This invention relates to an optical network which connects each of optical transmitters to each optical receiver through an optical switch and, in particular, to a method of controlling the receivers and the optical switch.
Heretofore, it is known in the art that an optical spatial switch in an optical network is large in capacity and small in size as compared with an electrical switch. Such an optical spatial switch has been proposed together with an optical network in Japanese Unexamined Patent Publication No. Hei 3-207139, namely, 207139/1991.
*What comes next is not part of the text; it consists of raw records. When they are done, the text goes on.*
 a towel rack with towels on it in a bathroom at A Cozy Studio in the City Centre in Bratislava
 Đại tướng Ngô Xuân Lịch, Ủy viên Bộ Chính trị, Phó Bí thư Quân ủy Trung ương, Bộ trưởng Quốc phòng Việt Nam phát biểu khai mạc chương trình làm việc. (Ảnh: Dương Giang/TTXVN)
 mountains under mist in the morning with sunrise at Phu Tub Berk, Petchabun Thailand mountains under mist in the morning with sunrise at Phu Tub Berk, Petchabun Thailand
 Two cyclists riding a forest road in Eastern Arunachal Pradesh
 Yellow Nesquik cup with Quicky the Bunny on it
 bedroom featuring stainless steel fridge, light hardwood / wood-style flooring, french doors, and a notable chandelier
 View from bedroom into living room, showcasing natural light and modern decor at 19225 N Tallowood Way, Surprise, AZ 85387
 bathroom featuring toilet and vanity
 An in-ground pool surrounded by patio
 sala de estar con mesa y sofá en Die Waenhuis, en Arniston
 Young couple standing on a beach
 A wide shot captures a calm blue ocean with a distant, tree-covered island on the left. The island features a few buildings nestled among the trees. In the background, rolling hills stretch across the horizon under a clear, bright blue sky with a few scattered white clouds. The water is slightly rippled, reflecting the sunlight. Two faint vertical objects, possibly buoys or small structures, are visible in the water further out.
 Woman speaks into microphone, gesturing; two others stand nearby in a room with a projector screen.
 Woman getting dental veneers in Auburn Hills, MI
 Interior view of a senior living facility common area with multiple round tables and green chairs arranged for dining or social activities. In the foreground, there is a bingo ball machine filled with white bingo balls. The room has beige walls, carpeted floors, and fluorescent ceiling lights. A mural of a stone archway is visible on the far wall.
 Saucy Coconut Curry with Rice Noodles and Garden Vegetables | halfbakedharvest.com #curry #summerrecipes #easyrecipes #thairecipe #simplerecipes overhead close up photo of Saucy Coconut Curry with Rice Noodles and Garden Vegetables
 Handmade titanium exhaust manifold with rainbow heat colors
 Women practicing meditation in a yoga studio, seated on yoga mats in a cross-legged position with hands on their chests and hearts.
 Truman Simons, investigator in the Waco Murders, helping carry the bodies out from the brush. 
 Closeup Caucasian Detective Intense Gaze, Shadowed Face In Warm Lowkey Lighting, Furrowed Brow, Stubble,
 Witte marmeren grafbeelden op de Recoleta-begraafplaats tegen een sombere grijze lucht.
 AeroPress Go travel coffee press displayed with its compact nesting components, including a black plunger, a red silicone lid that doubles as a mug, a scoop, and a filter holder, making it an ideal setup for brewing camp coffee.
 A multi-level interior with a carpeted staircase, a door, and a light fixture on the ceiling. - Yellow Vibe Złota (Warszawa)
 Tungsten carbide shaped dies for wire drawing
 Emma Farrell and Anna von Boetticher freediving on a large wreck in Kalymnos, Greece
Specifically, a switching operation is carried out by the optical switch to switch optical signals sent out from an optical transmitter which includes an E/O (electro-optic) converter. The switched signals are sent to an optical receiver through the optical switch. The optical receiver converts the switched signals into electric signals by an O/E (opto-electric) converter of the optical receiver and amplifies the electric signals into an amplified electric signal by an amplifier of the optical receiver.
In the optical network using the spatial optical switch, optical power which is given to the optical receiver is inevitably reduced due to an optical branch or an optical coupler. This results in a reduction of the scale of the optical switch, or of throughput per port of the optical switch. In order to improve the throughput, a WDM (Wavelength Division Multiplex) technique has been often used. However, the optical switch becomes large in size and is subjected to a restriction of the number of wavelengths used therein when the WDM technique is adopted.
On the other hand, it is a recent trend that an erbium-doped (Er-doped) fiber amplifier (EDFA) has been used in each optical receiver as an optical preamplifier to be optically coupled to the optical switch. In this event, however, it often happens that optical receiving elements, such as photo-diodes, are broken or operations become unstable in rear stage circuits connected after the EDFA.
Herein, it is to be noted that each of the optical receivers is not always continuously supplied with a sequence of input optical signals from an optical transmitter. In other words, the optical receiver is often intermittently given the input optical signals from the optical transmitter with a time interval kept between two adjacent ones of the input optical signals. It often happens that such a time interval between the two adjacent input optical signals lasts for more than several milliseconds. This shows that the optical receiver is put into an inactive or quiescent state during the time interval between the two adjacent input optical signals which may be called an anterior optical signal and a posterior optical signal hereinafter.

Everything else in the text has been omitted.